Search code examples
scalaapache-spark

How to apply udf on a dataframe and on a column in scala?


I am beginner to scala. I tried scala REPL window in intellij. I have a sample df and trying to test udf function not builtin for understanding.

df:

scala> import org.apache.spark.sql.SparkSession
 val spark: SparkSession = SparkSession.builder.appName("elephant").config("spark.master", "local[*]").getOrCreate()
 val df = spark.createDataFrame(Seq(("A",1),("B",2),("C",3))).toDF("Letter", "Number")
 df.show()

output:

|Letter|Number|
+------+------+
|     A|     1|
|     B|     2|
|     C|     3|
+------+------+

udf for dataframe filter:

scala> def kill_4(n: String) : Boolean = {
     | if (n =="A"){ true} else {false}} // please validate if its correct ???

I tried

df.withColumn("new_col", kill_4(col("Letter"))).show() // please tell correct way???

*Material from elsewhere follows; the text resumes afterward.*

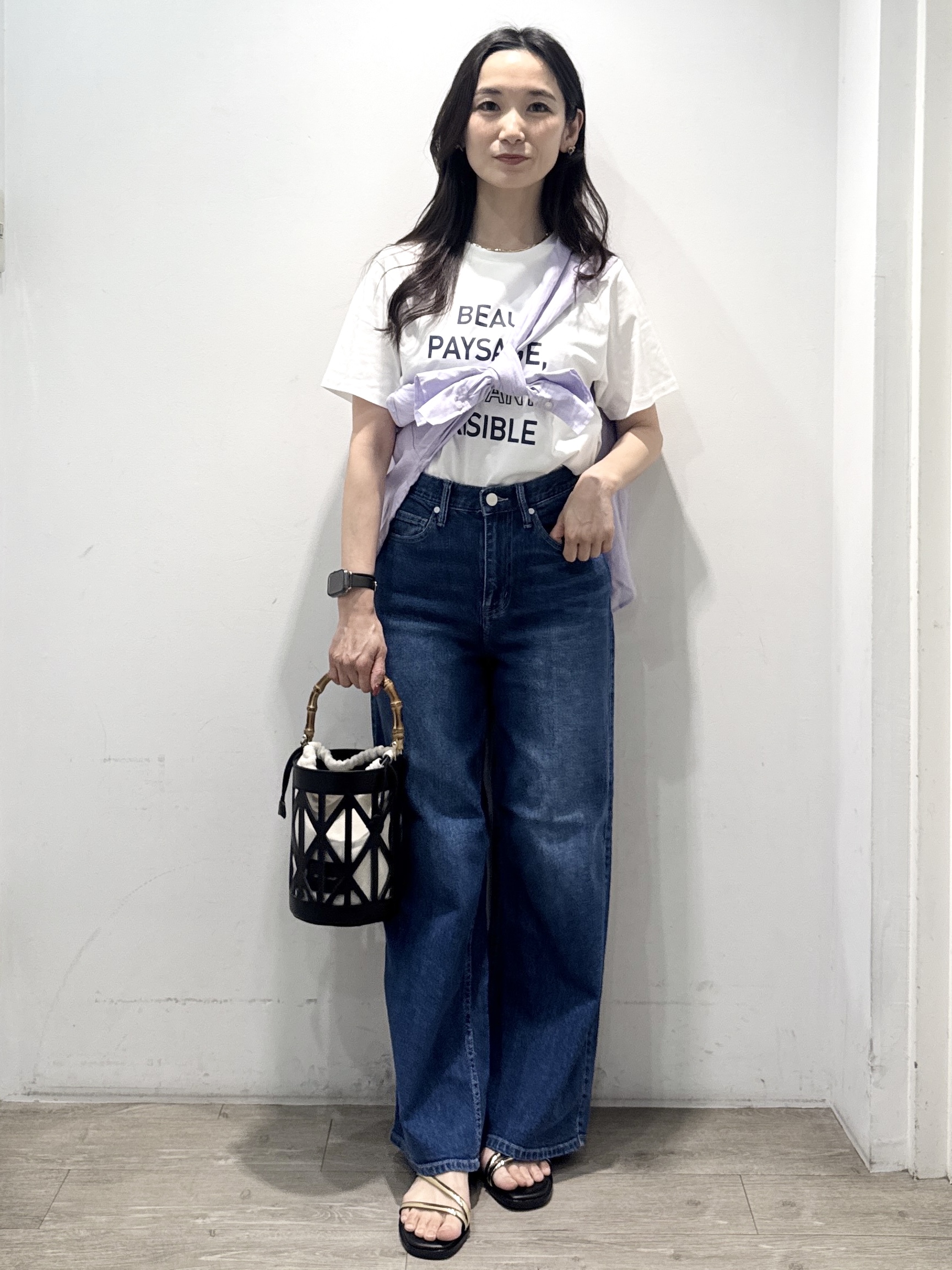 yuicciさんの「OPAQUE.CLIP｜ロゴプリント刺繍アソートTシャツ【洗濯機OK】」を使ったコーディネート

error error: type mismatch

Second: I tried direct filter:

df.filter(kill_4(col("Letter"))).show()

output desired

+------+------+
|Letter|Number|
+------+------+
|     B|     2| 
|     C|     3| 
+------+------+-

Solution

  • You can register udf and use it in code as follows:

    import org.apache.spark.sql.functions.col
    
    def kill_4(n: String) : Boolean = {
         if (n =="A"){ true } else {false}
    }
     
    val kill_udf = udf((x: String) => kill_4(x))
    
    df.select(col("Letter"),col("Number")
        kill_udf(col("Letter")).as("Kill_4") ).show(false)